L’armée d’Italie donna le premier exemple de soldats se mêlant du gouvernement. Jusque-là, les armées de la République s’étaient contentées de vaincre ses ennemis. On sait qu’en 1797, il se forma, dans le conseil des Cinq-Cents, un parti opposé au Directoire[15]. Les projets des meneurs pouvaient être innocents, mais certainement leur conduite les exposait au soupçon. Quelques-uns étaient royalistes, on ne peut en douter; la plupart peut-être n’avaient d’autre intention que de mettre un terme au gouvernement arbitraire et à la scandaleuse corruption du Directoire. La marche qu’ils adoptèrent, fut de retirer les impôts au gouvernement et de soumettre ses dépenses à une enquête rigide. Le Directoire, de son côté, profitant des effets de ce plan d’attaque, répandit dans les armées que toutes les privations qu’elles éprouvaient, étaient l’effet de la trahison du Corps Législatif qui cherchait à détruire les défenseurs de la Patrie pour pouvoir ensuite rappeler librement les Bourbons. Le général en chef de l’armée d’Italie encouragea publiquement ces bruits dans une proclamation à ses troupes. Cette armée osa envoyer des adresses au gouvernement. Elle se permettait des reproches, aussi peu mesurés qu’inconstitutionnels, contre la majorité du Corps Législatif. Le dessein secret de Bonaparte était de suivre ces adresses et de marcher sur Paris avec une partie de son armée sous prétexte de défendre le Directoire et la République, mais, dans le fait, pour s’arroger une part principale dans le gouvernement. Ses projets furent renversés par la révolution du 18 fructidor, qui eut lieu plus tôt et plus facilement qu’il ne le croyait (4 septembre 1797, 18 fructidor an V). Cette journée qui détruisit complètement le parti opposé au Directoire, lui ôta tout prétexte de passer les Alpes. Il continua à parler des Directeurs avec le dernier mépris. L’incurie, la corruption et les fautes grossières de ce gouvernement faisaient le texte habituel de ses conversations. Il les terminait ordinairement en faisant remarquer aux généraux qui l’entouraient, que, si un homme parvenait à concilier la nouvelle manière d’être de la France à l’intérieur avec le gouvernement militaire, il pourrait facilement faire jouer à la République le rôle de l’ancienne Rome.
Chapitre VII
Idées politiques de Bonaparte
Quoique Napoléon ait dit à l’île d’Elbe qu’il continua à être bon républicain jusqu’à son expédition d’Égypte, quelques anecdotes racontées par le comte de Merveldt prouvent qu’à l’époque dont nous parlons, son républicanisme était déjà fort chancelant.
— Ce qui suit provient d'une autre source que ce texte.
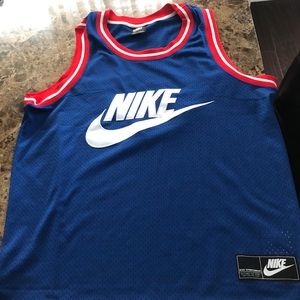 Men’s Nike jersey size L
Merveldt fut un des négociateurs autrichiens à Leoben et plus tard à Campo-Formio. Comme son premier intérêt était de faire tomber la République, il laissa entrevoir que le général Bonaparte était en position de se mettre à la tête de la France ou de l’Italie. Le général ne répondit pas, mais ne sembla pas du tout révolté; il parla même de la tentative de gouverner la France par des corps représentatifs et des institutions républicaines, comme d’une simple expérience. Encouragé par ces dispositions, Merveldt hasarda, avec l’approbation de sa cour, de lui proposer une principauté en Allemagne. Le général répondit qu’il était flatté de cette offre, qui ne pouvait provenir que de l’opinion distinguée qu’on voulait bien avoir de ses talents et de son importance, mais qu’il serait peu raisonnable à lui de l’accepter. Un pareil établissement devait tomber à la première guerre de l’Autriche contre la France. Si l’Autriche avait un fardeau inutile, et, si la France triomphait, elle proscrirait un citoyen perfide qui aurait accepté le secours de l’étranger. Il ajouta avec franchise, que son but était d’obtenir une place dans le gouvernement de sa patrie, et que, si jamais il pouvait mettre le pied à l’étrier, il ne doutait pas d’aller loin.
Chapitre VIII
Portrait de Bonaparte
Si Napoléon n’eût pas fait la paix de Campo-Formio, il pouvait anéantir l’Autriche et épargner à la France les conquêtes de 1805 et 1809[16]. Il paraît que ce grand homme n’était à cette époque qu’un soldat, entreprenant, doué d’un génie prodigieux, mais sans aucun principe fixe en politique. Agité de mille pensées ambitieuses, il n’avait aucun plan arrêté pour satisfaire son ambition.